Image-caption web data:
Segment Open

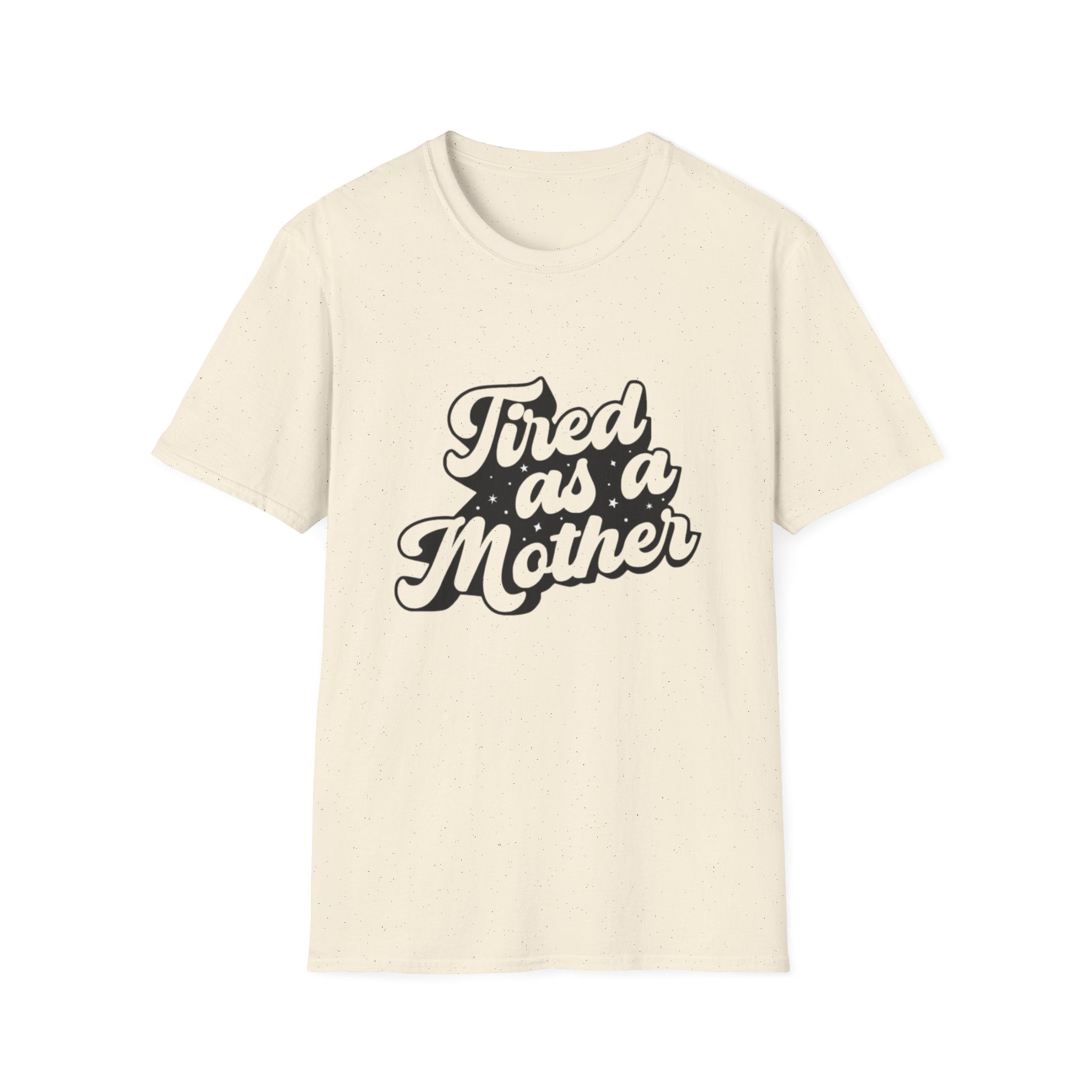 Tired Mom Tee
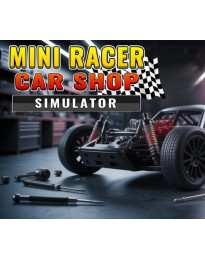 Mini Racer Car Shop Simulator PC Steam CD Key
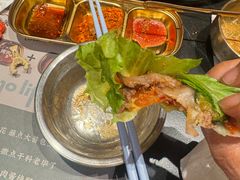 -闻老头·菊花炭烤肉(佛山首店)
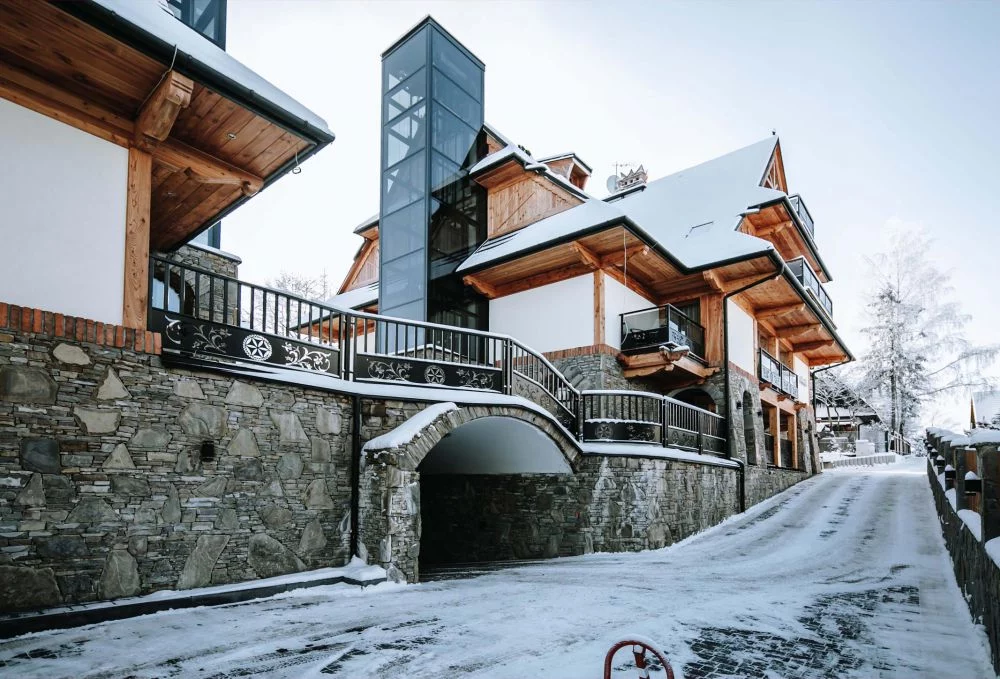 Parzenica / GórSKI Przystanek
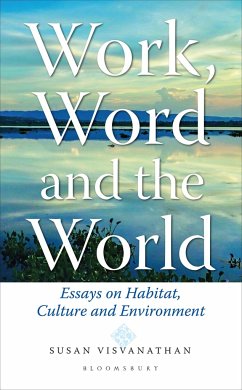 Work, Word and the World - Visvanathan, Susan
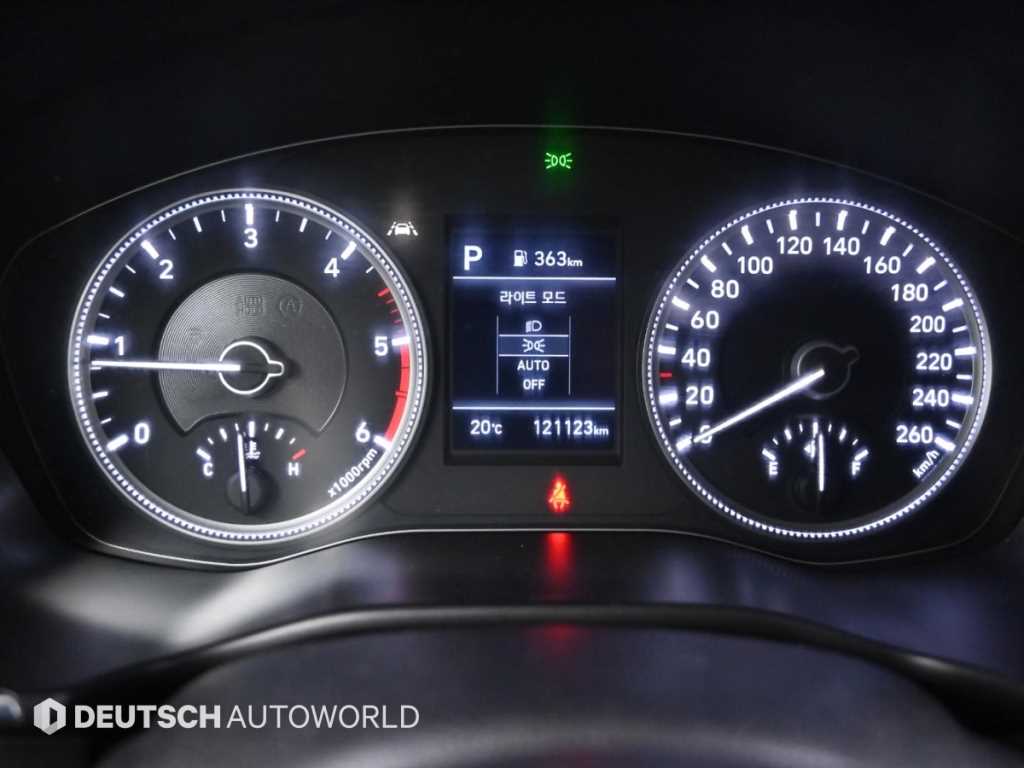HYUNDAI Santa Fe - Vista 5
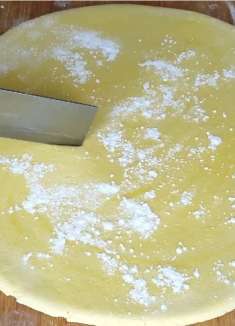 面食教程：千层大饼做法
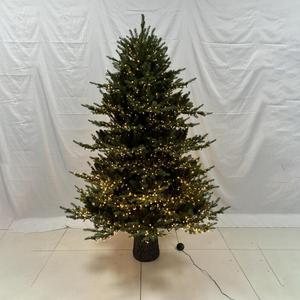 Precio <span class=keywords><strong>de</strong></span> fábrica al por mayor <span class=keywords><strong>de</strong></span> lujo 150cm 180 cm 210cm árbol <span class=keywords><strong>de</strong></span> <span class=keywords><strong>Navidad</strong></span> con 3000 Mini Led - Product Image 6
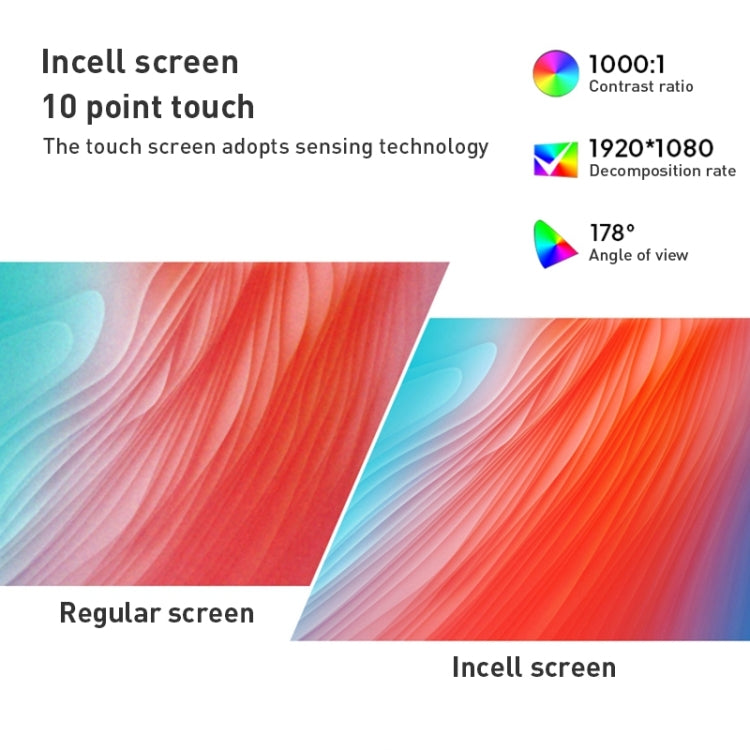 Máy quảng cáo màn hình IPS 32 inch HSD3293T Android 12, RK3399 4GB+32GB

Segment Closed

▶ _Problem statement_
Beginning with the line where "Mini Racer Car" appears, restate word for word every line down to the last one in the data, but keep the pictures out.

▶ _Solved problem_
 Mini Racer Car Shop Simulator PC Steam CD Key
 -闻老头·菊花炭烤肉(佛山首店)
 Parzenica / GórSKI Przystanek
 Work, Word and the World - Visvanathan, Susan
HYUNDAI Santa Fe - Vista 5
 面食教程：千层大饼做法
 Precio <span class=keywords><strong>de</strong></span> fábrica al por mayor <span class=keywords><strong>de</strong></span> lujo 150cm 180 cm 210cm árbol <span class=keywords><strong>de</strong></span> <span class=keywords><strong>Navidad</strong></span> con 3000 Mini Led - Product Image 6
 Máy quảng cáo màn hình IPS 32 inch HSD3293T Android 12, RK3399 4GB+32GB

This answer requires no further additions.